The big data buzz is exciting because it enables us to “teach old data to do new tricks,” as I heard someone say recently. The DHS has existed for more than 30 years, but we’re doing a new analysis using the data. Advances in computing and methodological advances in machine learning have recently made this kind of research possible in a way that wouldn’t have been when the DHS was created.
Tell us more about how you’re using big data in the Big Data for Reproductive Health project.
In this project, as I mentioned earlier, we’re using the DHS. Specifically, we’re looking at the “contraceptive calendar.” Because it’s a pretty gnarly data set to work with, it’s been difficult to get this data on women’s contraceptive use into the hands of people who can use it for decision making. We envision our work being used by family planning researchers and advocates.
In the first phase of our project, we’ve been looking at descriptive monthly and yearly trends in contraceptive use and discontinuation, which we’ve curated into an online, user-friendly tool that our users can access to explore trends themselves. We’re using the R Shiny platform to visualize data patterns, and it’s just a great, versatile way to interact with your data.

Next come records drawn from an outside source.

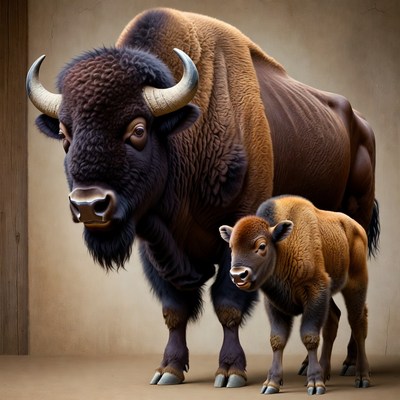Bison Mother and Calf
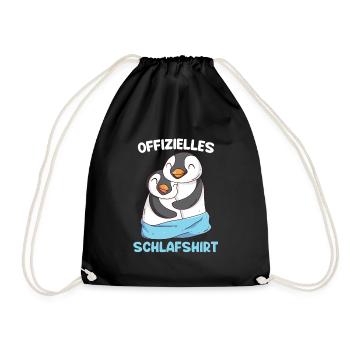 Offizielles Pingui Schlafshirt Schlaf Shirt - Turnbeutel - Schwarz - Vorne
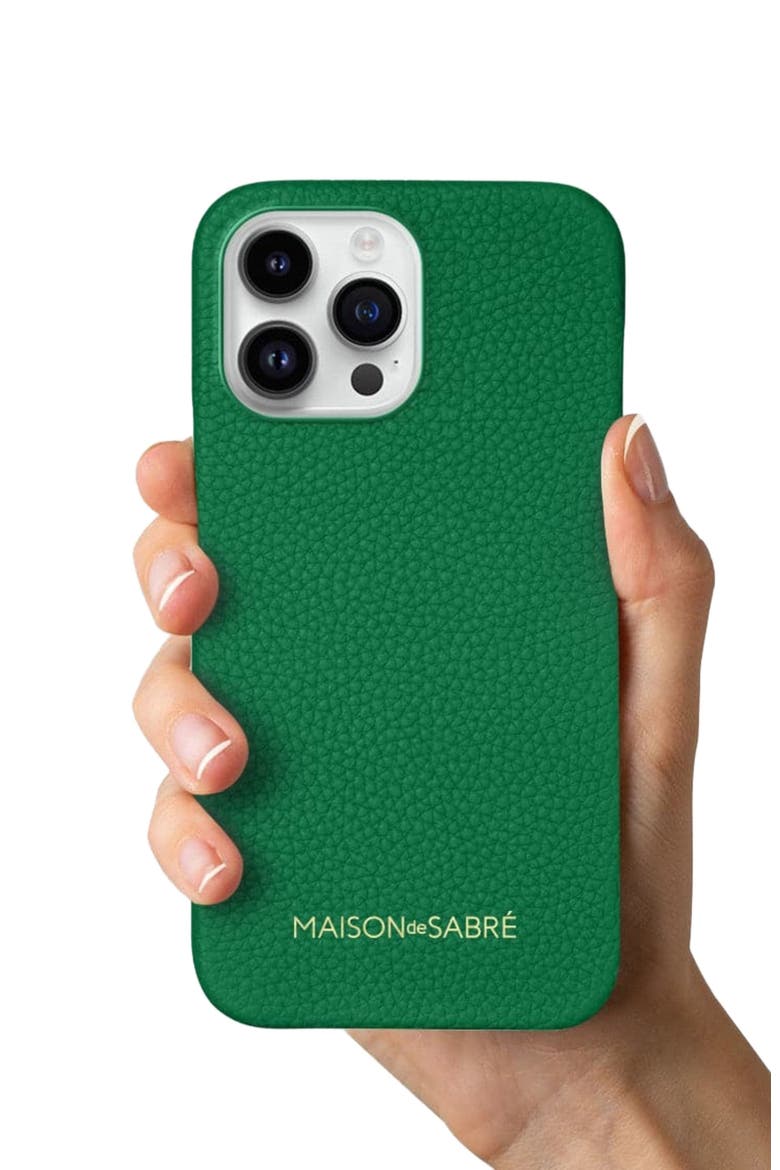 Leather Phone Case iPhone 15 Pro Max, Alternate, color, Emerald Green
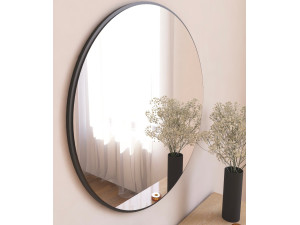 Espejo de madera "Ozze" - 60 x 60 cm - Negro 2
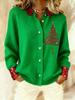 2025 Women's 3D Print Knit Lapel Cardigan - European & American Christmas Top for Autumn/Winter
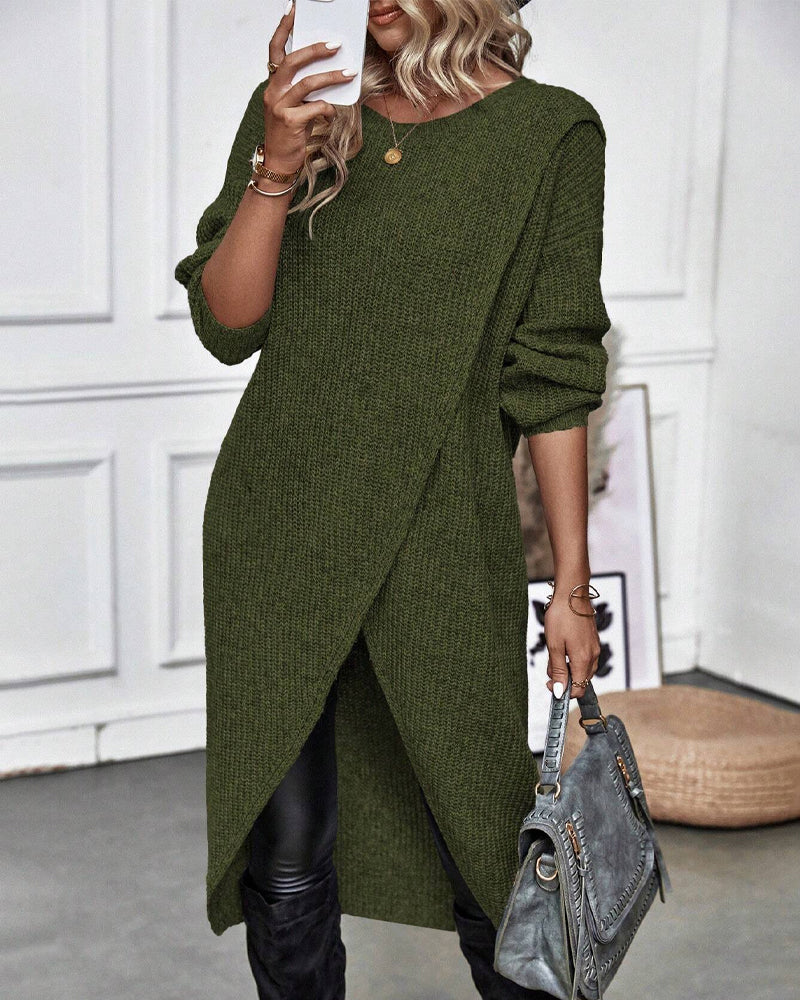 Elaine Sorbourne | Long Sleeve Knit Midi Sweater Dress For Women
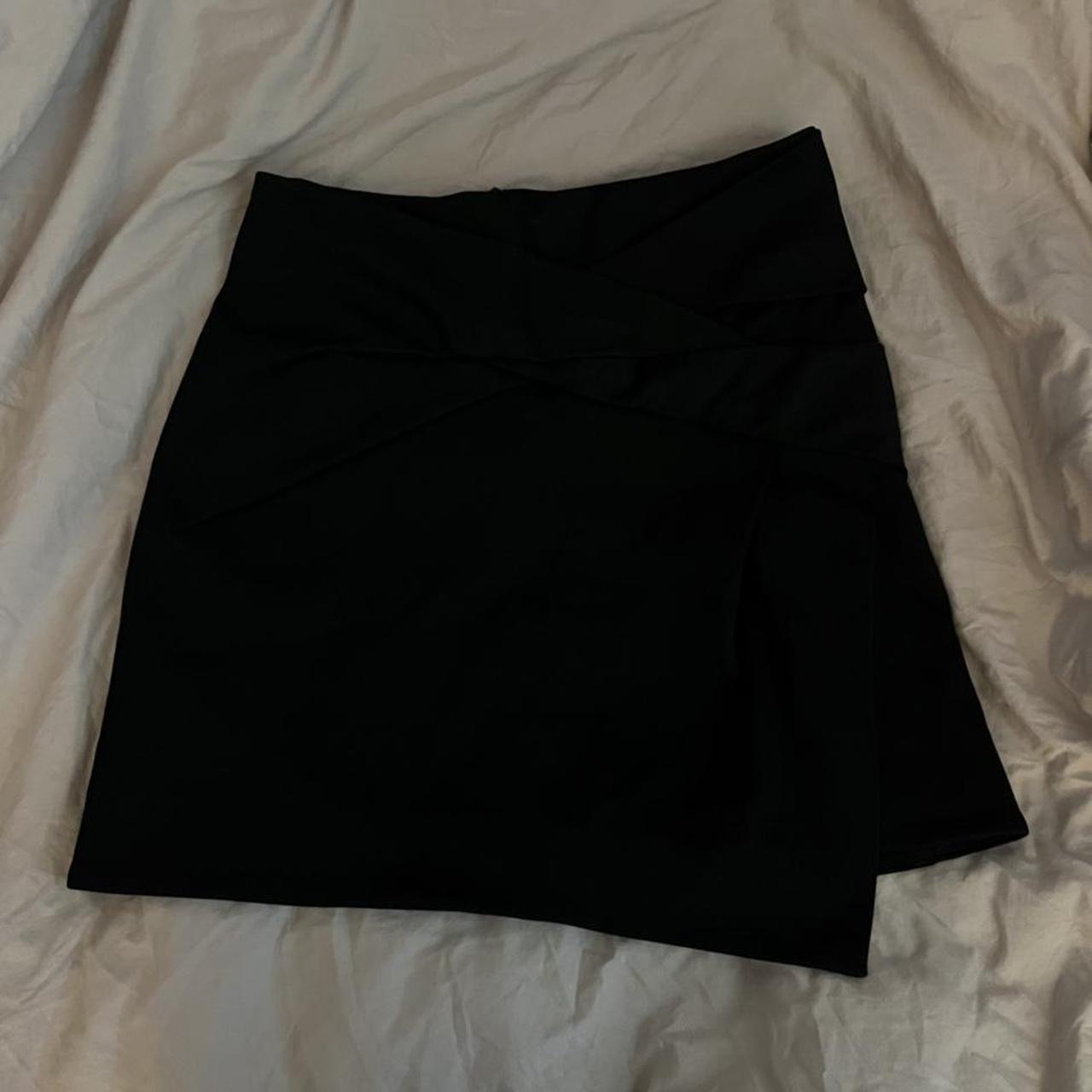 Helmut Lang Asymmetrical Black Mini Skirt Worn Depop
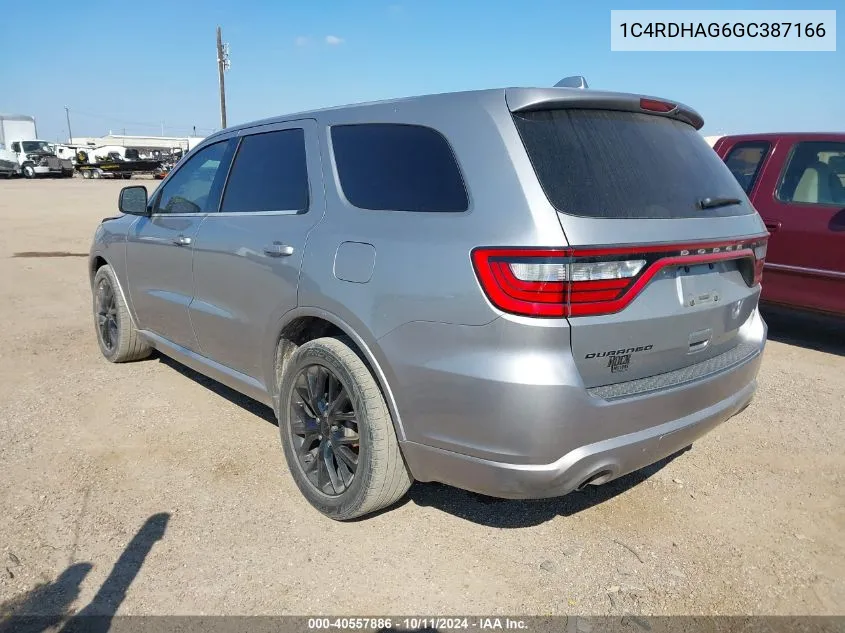 2016 Dodge Durango Sxt VIN: 1C4RDHAG6GC387166 Lot: 40557886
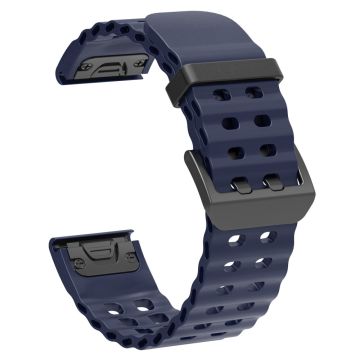 26 mm silikonerem Garmin Fenix 8 51 mm / Enduro 3 / Instinct 2X Watchband med flere huller - Midnatsblå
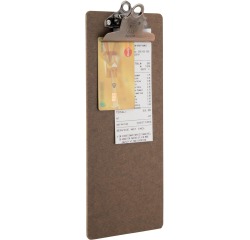 Securit rekening clipboard, bruin met RVS Clip, 27,8 x 11,4 cm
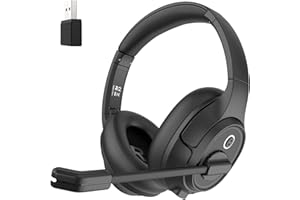 EKSA H6 Casque sans Fil avec Microphone et dongle USB [jusqu'à 55 Heures et portée de 10 mètres] Casque d'ordinateur Bluetooth avec Microphone antibruit AI, Casque Supra-auriculaire pour Entreprise
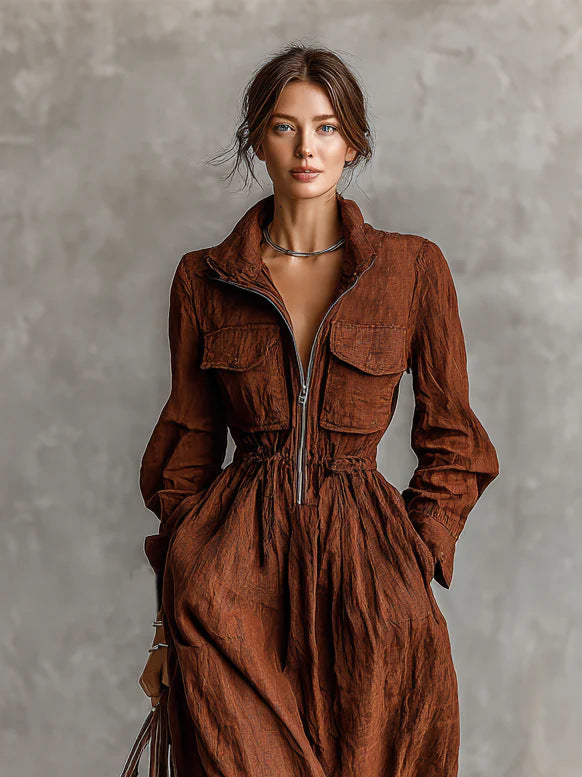 Women's Zip-Up Lapel Long Dress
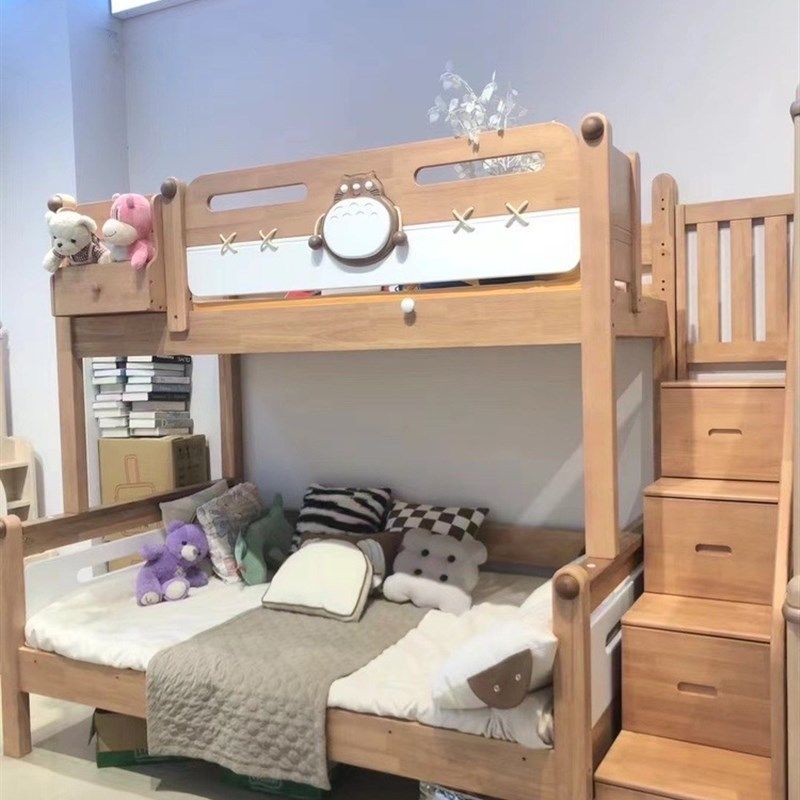 红橡色书架款子母床上下双层护栏床书架步挂梯上下铺宿舍床,淘宝优惠券,粉丝福利购,淘宝优惠卷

From the visualizations we created, we noticed that every December, a large number of women are discontinuing contraceptive injections in Kenya. We wouldn’t have picked up on this pattern without visualizing the data. We’re now exploring the implications of this jump in discontinuation rates for these women; one likely implication is unwanted fertility if quitting is not a decision in their control. We’re also looking into whether or not December “quitters” later re-engage with family planning, which can have important health policy consequences.
In the second phase, we’ll apply machine learning methods to figure out if there are clusters of women with different trajectories—for example, groups of women we might call “switchers,” who switch from method to method over the observation period, or “quitters,” who start a method but stop for long periods of time, or “planners,” who have a few kids, start using contraception and never quit. And then we’ll use other machine learning approaches to see if there are characteristics that predict these trajectories. It’s a way to summarize a lot of disparate data. If we can predict specific trajectories, we could use that information to create more targeted interventions and policies. That’s where we’re ultimately hoping that big data can really have a real world impact.